WHAT THE TASK ASKS.
Transcribe only part of the material below: the lines from the one containing "A Toyota Yaris" through the one containing "Colar masculino Dog", inclusive, exactly as written.

DATA IN THIS EXERCISE Start Marker

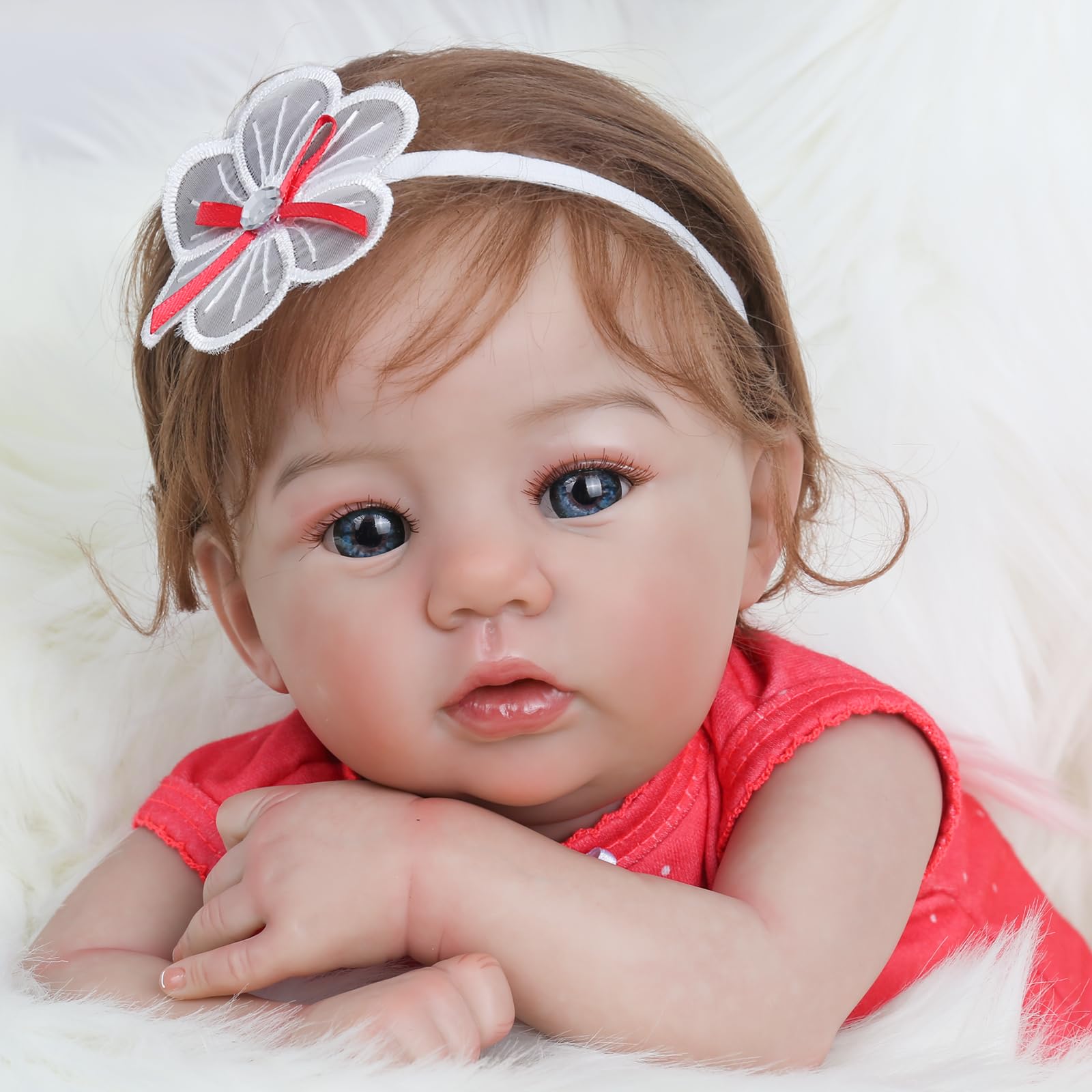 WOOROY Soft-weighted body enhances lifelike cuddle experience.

DATA IN THIS EXERCISE End Marker
DATA IN THIS EXERCISE Start Marker

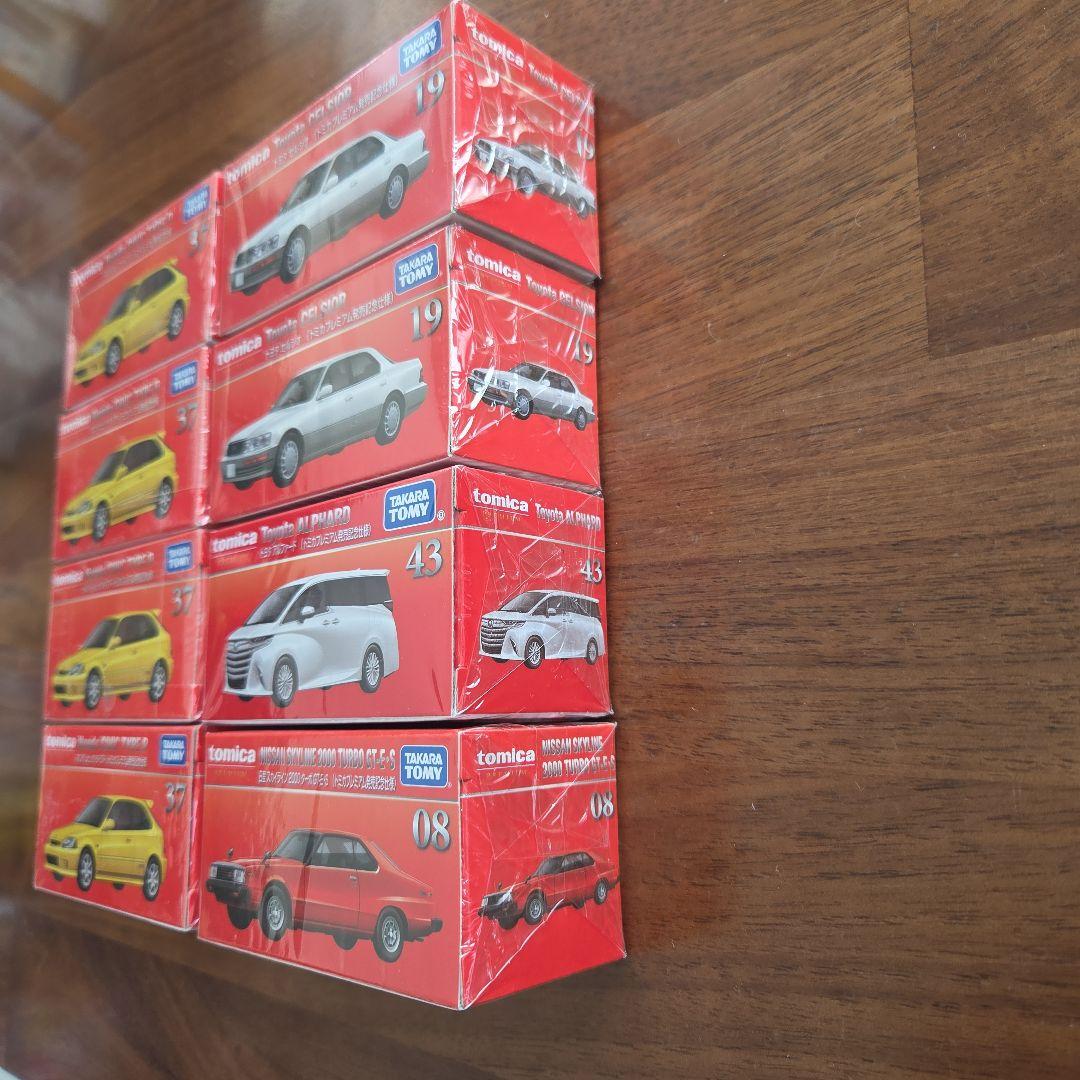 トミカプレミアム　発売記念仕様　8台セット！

DATA IN THIS EXERCISE End Marker
DATA IN THIS EXERCISE Start Marker

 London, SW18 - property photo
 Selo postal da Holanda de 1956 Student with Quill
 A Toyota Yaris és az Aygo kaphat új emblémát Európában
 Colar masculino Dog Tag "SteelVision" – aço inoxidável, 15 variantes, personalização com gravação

DATA IN THIS EXERCISE End Marker

FINAL ANSWER.
 A Toyota Yaris és az Aygo kaphat új emblémát Európában
 Colar masculino Dog Tag "SteelVision" – aço inoxidável, 15 variantes, personalização com gravação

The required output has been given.